Sin título, Jorge Carruana Bances

Mi mujer me acusa de ver porno compulsivamente. Pero, ¿de qué otro modo puede verse porno si no compulsivamente?
Ignatius Farray

Vista Alegre debe ser el mejor barrio de Santiago. Ni el carnavalesco Sueño ni la soleada Santa Bárbara pueden competir con ese pequeño Vedado. Construido a comienzos del siglo pasado, comienza en la cuesta de la Avenida Manduley y desciende suave hasta el Palacio de Pioneros y el hospital Juan Bruno Zayas, siempre con sus casas amplias y sólidas, sus calles arboladas y silenciosas y ese aire tan de burguesía derrotada.
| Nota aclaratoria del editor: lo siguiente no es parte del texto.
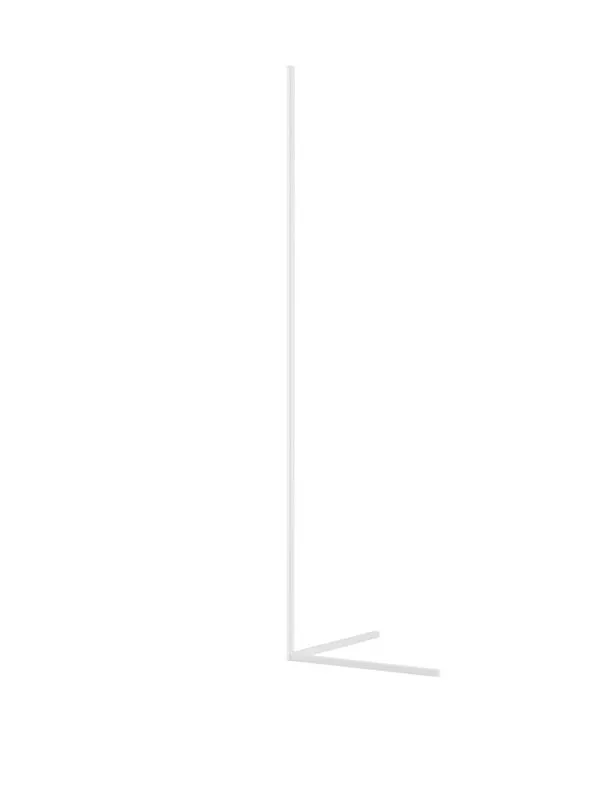 B-Ware Nova Luce Stehlampe Standleuchte LED V LINE Weiß Warmweiß dimmbar Wohnzimmer 18W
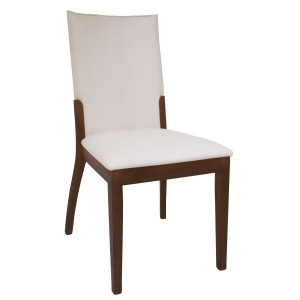 Chintaly Luisa Upholstered Back Side Chair In Cream Set of 2 - All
Me gusta ir allí. El silencio circundante resulta ilógico, irrespetuoso para con la bullanguera ciudad. Da la impresión que cualquier trámite a realizar será breve y saldrá bien, que una visita a un amigo será tranquila y evocadora, que un simple paseo por los alrededores devolverá las ganas de vivir. En Calle 15, antes de enfilar a Carretera del Caney y el hospital, la guagua pasa frente a un palacete descascarado, de escaleras dobles, jardín deslucido y verja oxidada, y me digo: “Aquí fue donde vi pellejo por primera vez”. Contemplo un momento la casona, lo que me permite la combinación azarosa de cabezas y sobacos sudados de los pasajeros, y cuando el ómnibus se incorpora a Carretera del Caney siempre tiro el cálculo de que ya han pasado más de tres décadas.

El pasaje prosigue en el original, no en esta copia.